Come abbiamo già specificato le fritture devono essere fatte sempre in olio caldo. Ma per fare questo bisogna sapere quanto deve essere caldo. La temperatura di cottura varia a seconda dell’alimento che dobbiamo friggere e con il tipo di frittura che intendiamo utilizzare. La cottura per immersione o in padella va da un minimo di 140° a 180°. Se utilizzate una friggitrice ci si può regolare con il termostato ma se non la utilizzate??? Avete due sistemi per sapere se il grasso ha la temperatura giusta, o comprando un termometro ad immersione, il vecchio metodo della mollica di pane che consiste nel buttare nell’olio un dadino di pane e calcolate il tempo che impiega a dorarsi: prima si dora più è caldo l’olio. Bisogna inoltre calcolare il fatto che al momento che aggiungete un nuovo alimento la temperatura si abbassa dai 30 ai 40 gradi in meno pertanto bisogna mantenere la temperatura più costante possibile. Si tiene a bollore l’olio a fiamma bassa e si alza al massimo  al momento in cui immergiamo l’alimento in modo che la temperatura si riporta subito a quella ottimale.

 Alcuni alimenti vengono fritti al naturale, ma tante volte un alimento prima di iniziare la cottura ha bisogno di essere “protetto” dall’eccessivo calore. La protezione può essere:

  • Infarinatura: L’alimento viene passato nella farina in modo da risultarne foderato. La farina aderirà grazie all’umidità intrinseca a ogni alimento. Non è necessario esercitare pressione, basta passarlo leggermente cercando di farlo immediatamente prima della frittura altrimenti la farina si secca conferendo al fritto un aspetto non prettamente omogeneo, ricordando di scuotere per eliminare quella in eccesso.
  • Impanatura:  Avviene passando l’alimento da friggere prima nell’uovo sbattuto e poi nel pane grattugiato, che può essere al naturale o o aromatizzato (condito con aglio, prezzemolo, parmigiano o spezie varie). Possiamo anche utilizzare la farina, prima di passarlo nell’uovo, in questo modo la farina seccandosi farà si che la impanatura anche se l’alimento non viene fritto subito rimanga ben compatta.
  • Impastellatura: La pastella per fritti è un composto di base molto importante per friggere.
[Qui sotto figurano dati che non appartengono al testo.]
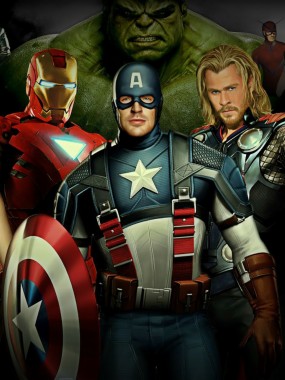 Iroman Thor Hulk Captain America - 1536x2048 - Download HD Wallpaper ...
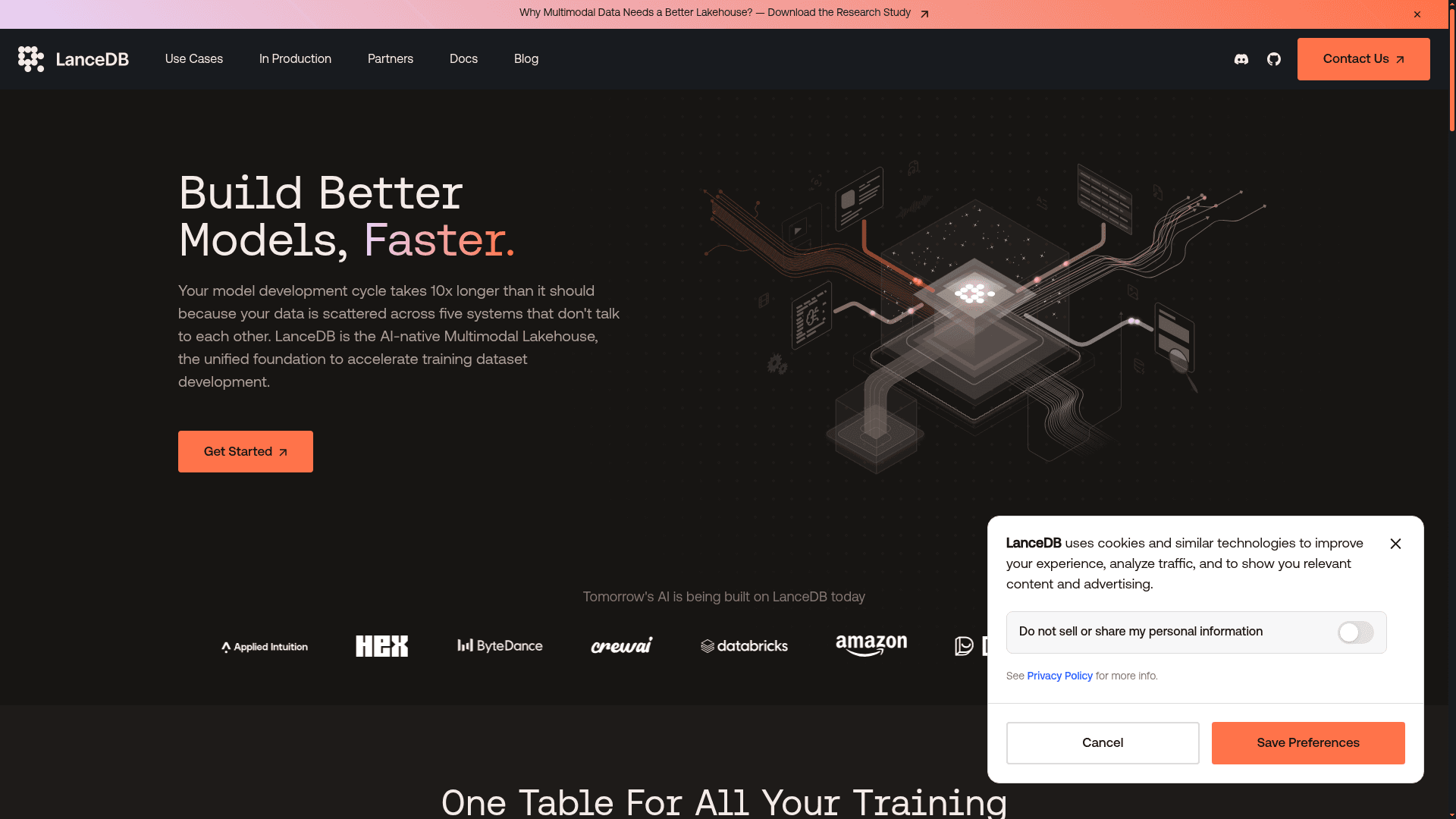 LanceDB screenshot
Esistono diversi tipi di pastella a seconda del tipo di alimento che dobbiamo friggere.  Può essere di sola acqua e farina, oppure di birra e farina ecc. ecc.

 Ricapitolando la leggerezza dell’olio di semi è solo una balla degli industriali del settore, favorita dall’effetto psicologico della mancanza di colore dell’olio di semi. La neutralità cromatica dell’olio di semi, infatti, favorisce l’associazione con l’idea di purezza e leggerezza. Invece il grasso più leggero è l’olio extravergine di oliva. A differenza dell’olio vergine ed extravergine di oliva che per le norme vigenti deve essere ottenuto solo con procedimenti meccanici, gli oli di semi invece vengono sottoposti a diversi passaggi chimici prima di poter essere commercializzati. Uno solo fa eccezione: l’olio di arachidi, estratto per spremitura il quale può non richiedere un ulteriore raffinazione. Gli oli di semi passano attraverso processi come la macinatura e la spremitura da cui si ricava un primo olio grezzo. La massa solida ottenuta viene sottoposta a estrazione con solventi (esano , metanolo, diclorometano), si ottiene una farina mangimistica e dell’altro olio grezzo aggiunto a quello ottenuto in precedenza. Quest’ultimo viene poi raffinato, si abbassa l’acidità e viene sottoposto a decolorazione e deodorazione. La quasi totalità dell’olio di semi reperibile sul mercato si ottiene con processi chimici seguiti da ulteriore raffinazione. Da qualche anno alcune aziende hanno iniziato a produrre oli di semi estratti solo con processi meccanici, naturalmente ad un prezzo molto più alto. Scegliete quindi un olio per la vostra frittura tenendo in considerazione quanto scritto  e soprattutto diffidate delle pubblicità.